**Exercise requirements**:
Ignoring pictures, transcribe exactly the lines between the one containing "This is a turquoise" and the end of the material, both included.

**Data excerpts**:

Segment Open

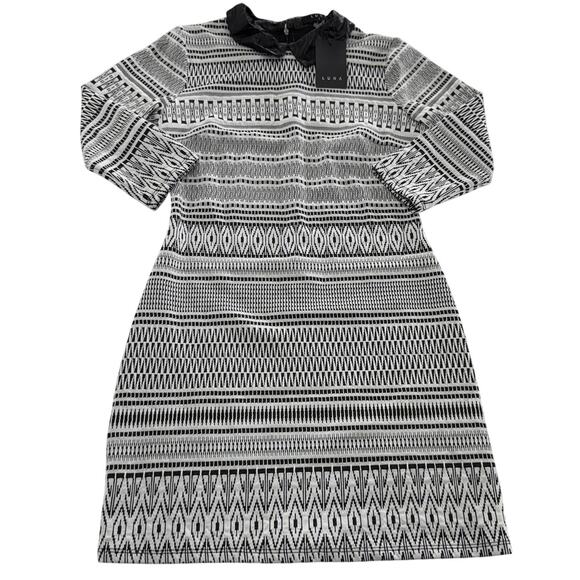 Luna Dress Womens Large Geometric Pattern 3/4 Sleeve Stretch Collared NWT - Picture 1 of 8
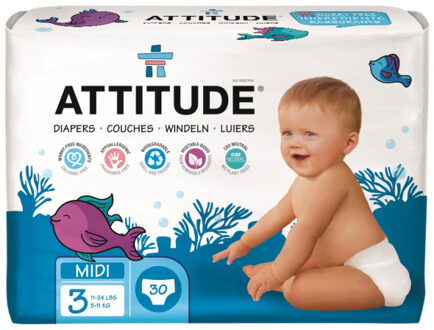 Attitude luiers midi 3 * 30 st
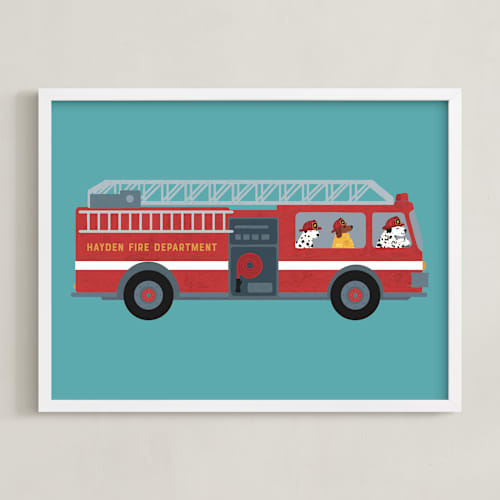 This is a turquoise blue nursery wall art with standard by Jenna Holcomb called firefighter dogs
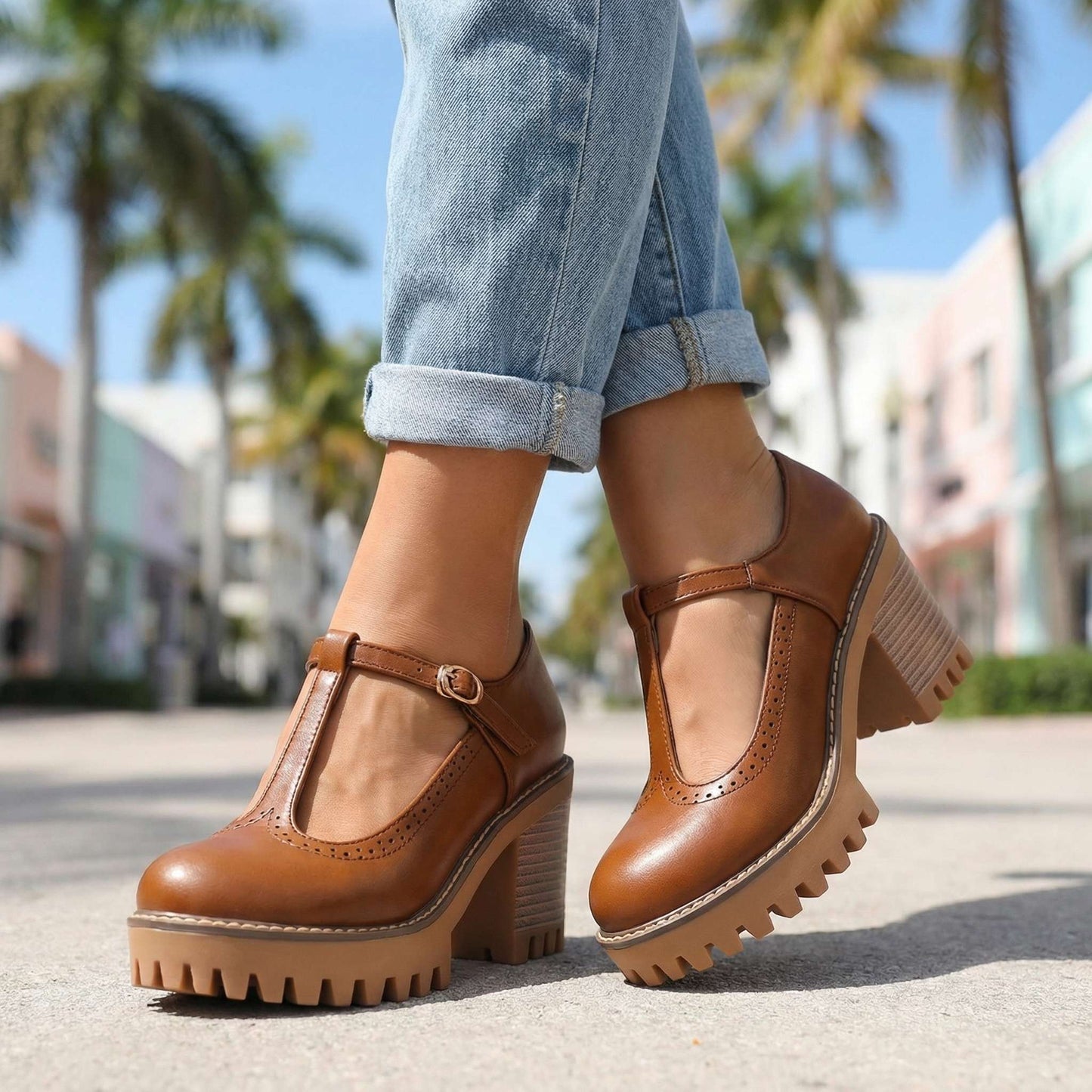 Women's T-Strap Mary Jane Heels Klara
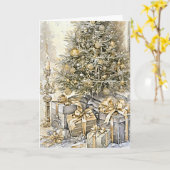 Goldene Segen zu Weihnachten Karte (Gelbe Blume)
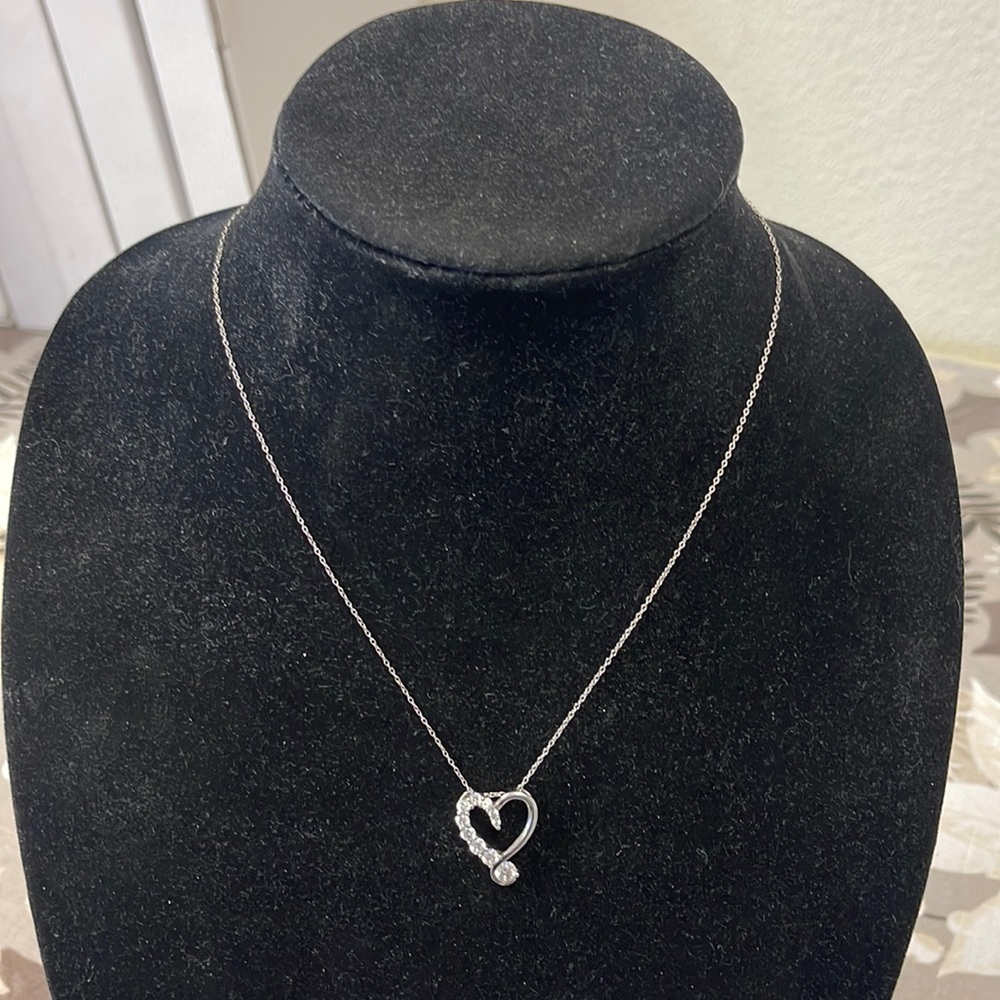 Sterling silver 18” necklace with CZ heart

Segment Closed

**Response box**:
 This is a turquoise blue nursery wall art with standard by Jenna Holcomb called firefighter dogs
 Women's T-Strap Mary Jane Heels Klara
 Goldene Segen zu Weihnachten Karte (Gelbe Blume)
 Sterling silver 18” necklace with CZ heart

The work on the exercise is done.